Agent/ Bigger Publisher:
PROS: Chance of greater print distribution; more marketing support; professional editing and cover design team; career advice from industry professional (agent).
CONS: May not get agent; agent may not sell MS; publisher may not secure distribution; novel may not get marketing support; low royalties; long timelines (at most, one book a year).
- Pay a one-off fee to editor/ cover designer and keep the profits, as opposed to getting a royalty on every copy
- Formatting ebooks is simple once you get the hang of it: not worth paying royalties to avoid the hassle.
- Control over timelines: ability to publish when I want without waiting for: a. An agent to possible sell my book; or b. A publisher to fit it into their schedule.
- Ebook sales are now overtaking print sales: print distribution is becoming a moot point.
- Stigma towards self-publishing is changing as more and more mid-list authors previously traditionally published decide to go it alone.
- Self-publishing and traditional publishing not mutually exclusive: many self-published authors now being signed by publishers on the basis of their success.
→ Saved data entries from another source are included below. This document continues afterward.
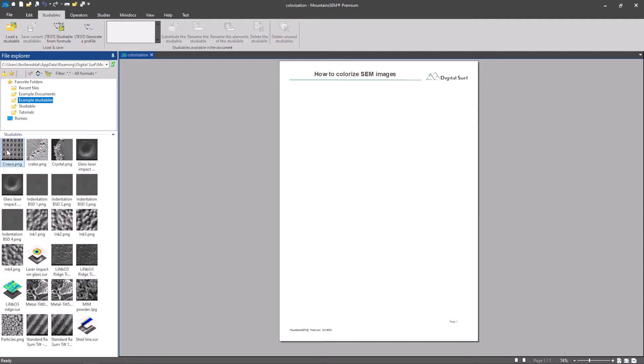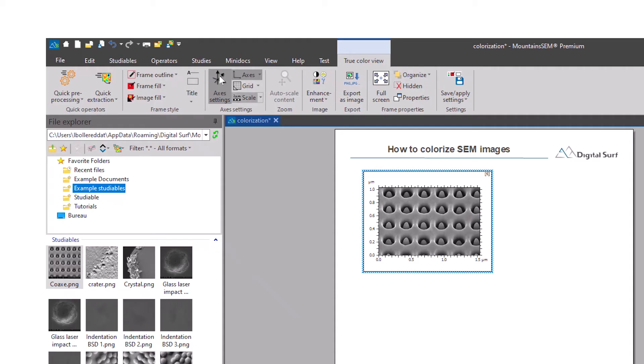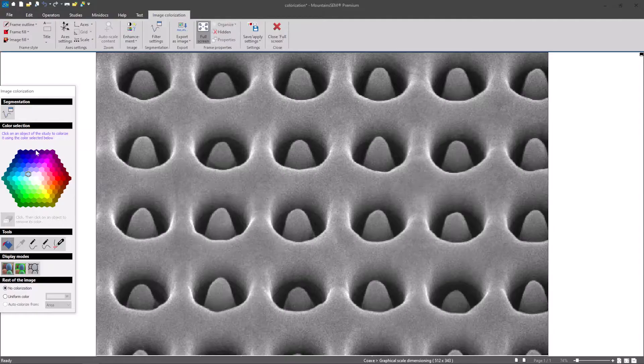Start by loading the SEM image you'd like to colorize. In the Studies tab, select Colorize Image.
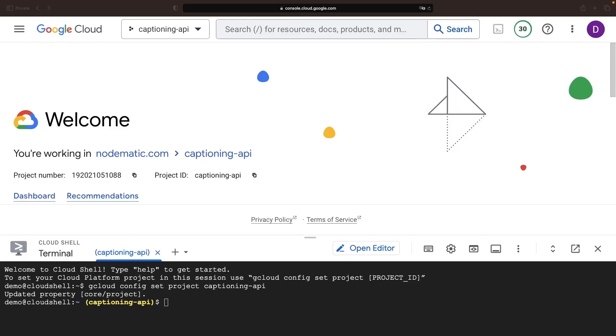Welcome, everyone. Today we're going to dive into Google's newly launched AI Captioning Service.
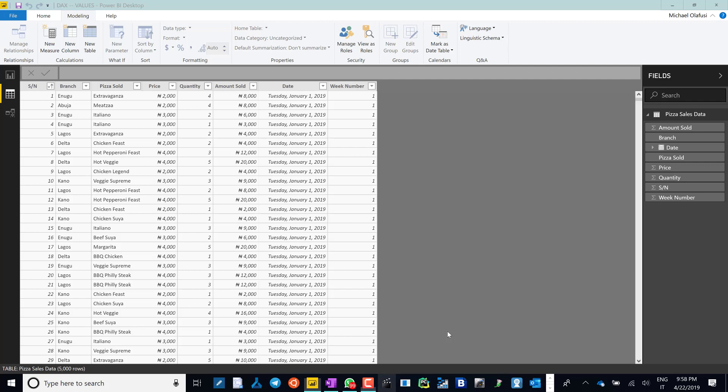Hello, welcome to my third video on the DAX series. Today, the formula I'm going to introduce you to is VALUES. VALUES is the formula that makes it possible for you to achieve some interesting automation with Power BI.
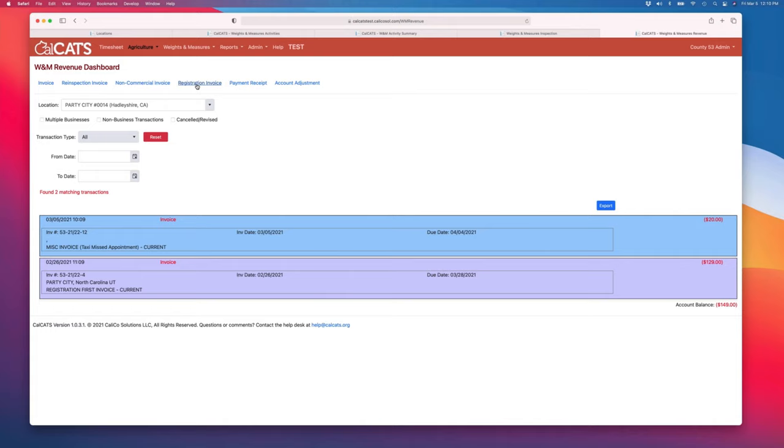It's also really useful for businesses where you do a routine inspection to discover they have more devices, so you have to do an incremental registration invoice for them.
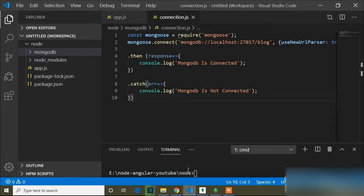In the previous video I showed how to connect the MongoDB database in our project. In this video I will show how to create a schema and how to define a schema structure. If you don't know how to connect MongoDB, you can watch my previous video.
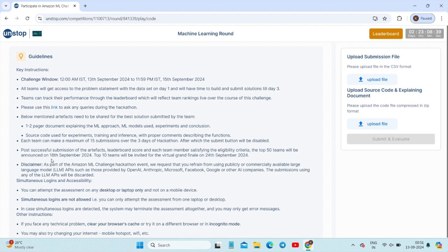This is all about the first round of the Amazon ML Challenge. If you have any thoughts, please let me know in the comment section and join our communities for more updates on internships and job opportunities. Thank you so much.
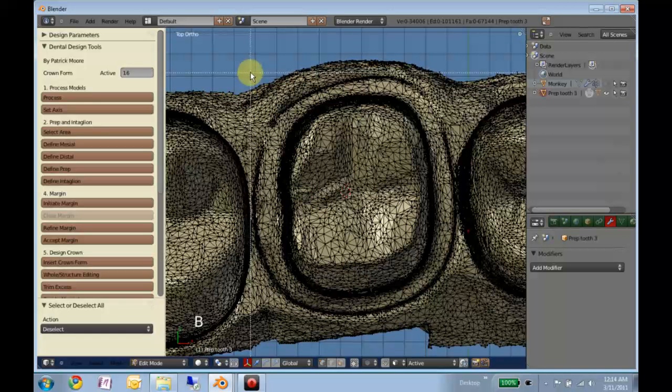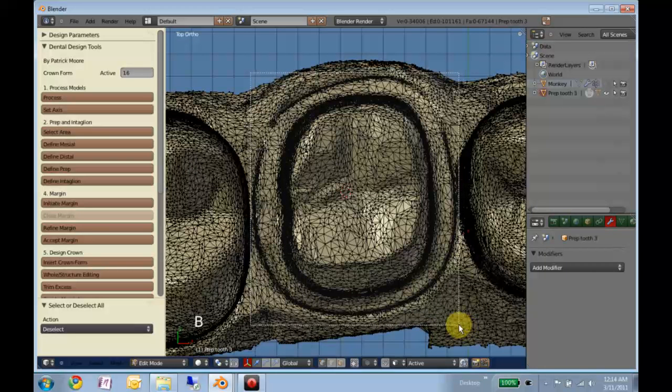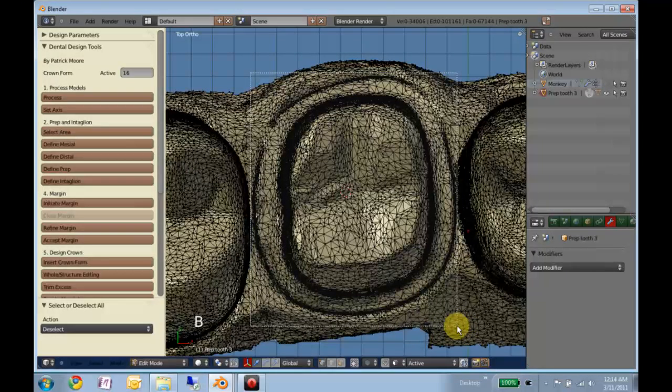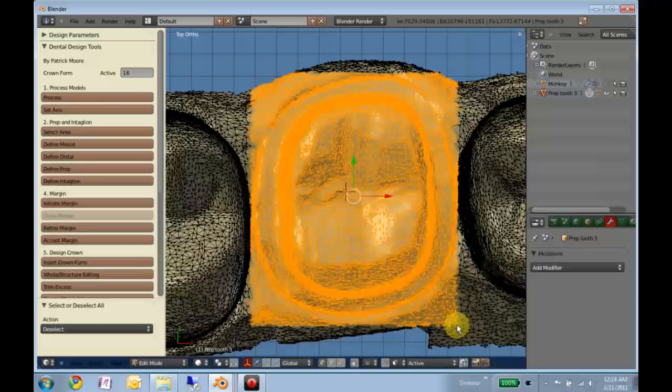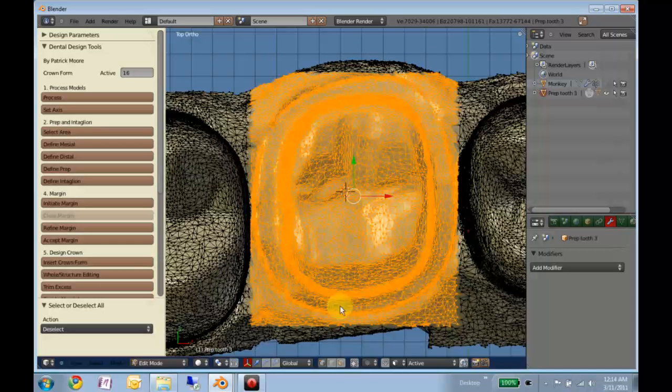And conveniently, this prep does fit in a box like this. So I can use the border select to select it as well. But normally you might have to use the circle select to kind of get into the contours.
Many traditionally published authors do both now.
CONS: Finding editor and cover designer; learning to format; getting educated on electronic distributors; little to no print distribution; dealing with the prevalent stigma; stepping away from ‘the dream’.
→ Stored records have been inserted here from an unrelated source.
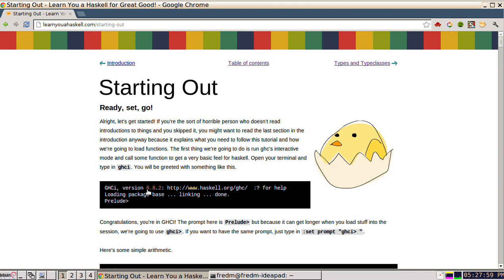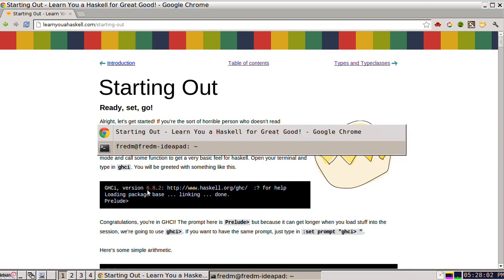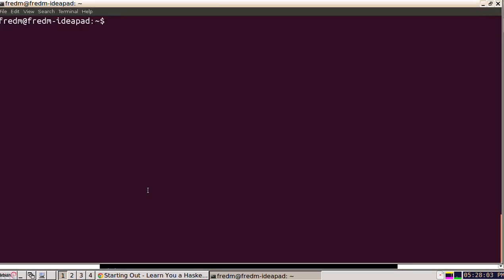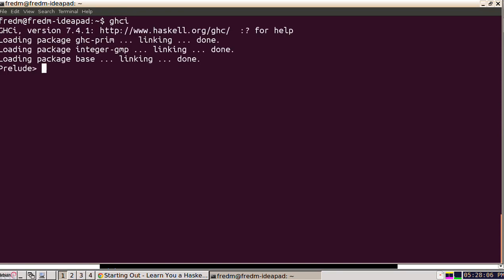The first thing we're going to do is launch Haskell. I'm going to go to our console window and I'm going to type GHCI. Haskell is now ready to go.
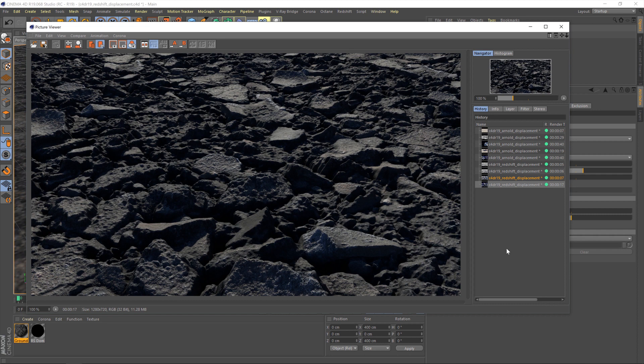Another thing to bear in mind is the impact that the increased tessellation and displacement will have on your rendering performance — not just the rendering times, but also the amount of memory it uses. So it's often a case of juggling it for your scene. Obviously we're just working on a single plane here, so I didn't really have to pay too much attention to it. But if you've got a scene that's already pretty taxing on your computer and then you start adding in serious amounts of displacement, you will run into troubles, so do bear that in mind.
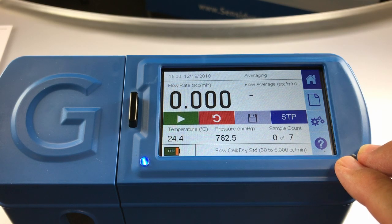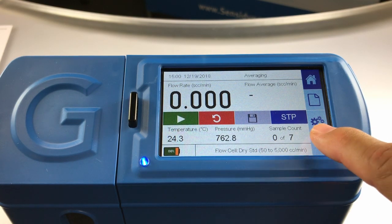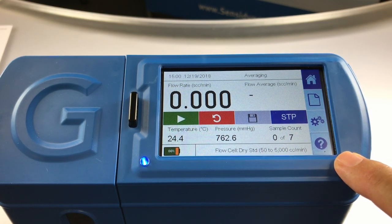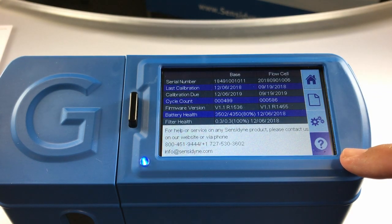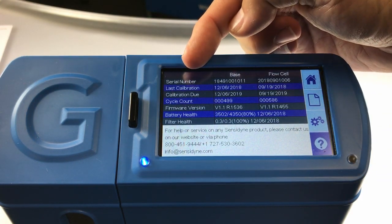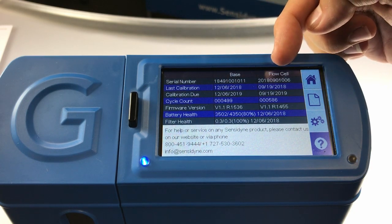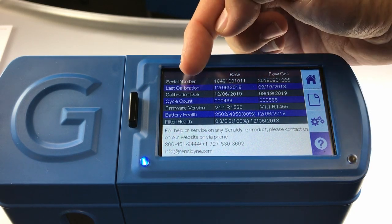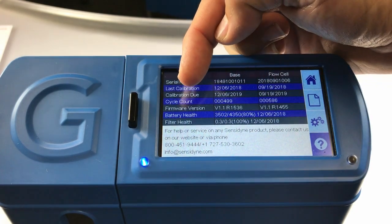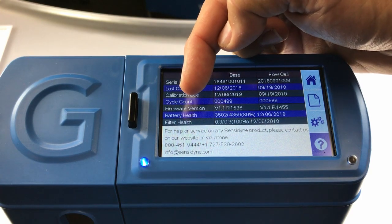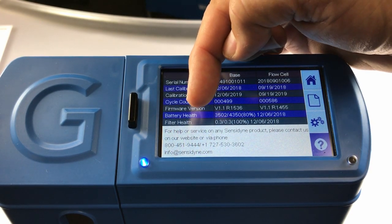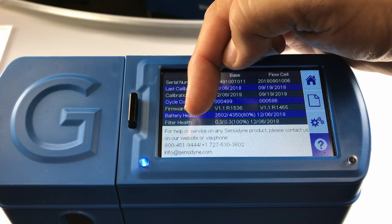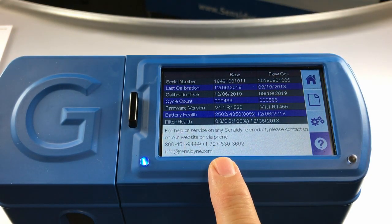And lastly on the vertical bar is the help screen button. From the help screen, you can see the following information: the serial number for the base as well as the flow cell, the last calibration dates, the calibration due dates, the cycle counts, the firmware version, battery health information, filter health information, as well as information on contacting our service department.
The Current State of Self-Publishing
- Taleist survey of 1,007 self-published authors says the average yearly earning in 2011 was 10K
- Half of writers earned less than $500
- Romance writers earned 170% more than peers
- Worst earners were science fiction and literary
- Highest earners wrote 2,047 words a day
- Traditionally published authors earned 2.5 times more when self-publishing than rejected authors or authors who went straight to self-publishing
- Self-publishers who received help with story editing, copy editing and proofreading made 13% more than the average.
- Help with cover design upped earnings by 34%.
The Current State of Traditional Publishing
Website ‘Show Me the Money’ uses author-provided data to track publishers’ advances
◦ Avon/ Harper Collins: Average advance (first book): $18,600 Median: $9000. Print: 8%; Ebook: 25% (net).
◦ Grand Central (Warner/Hachette): Average advance (first book): $7100 Median: $6000. Print: 8%.
◦ Kensington/ Zebra: Average advance (first book): $3500 Median: $3000. Print: 8%; Ebook: 25% (net).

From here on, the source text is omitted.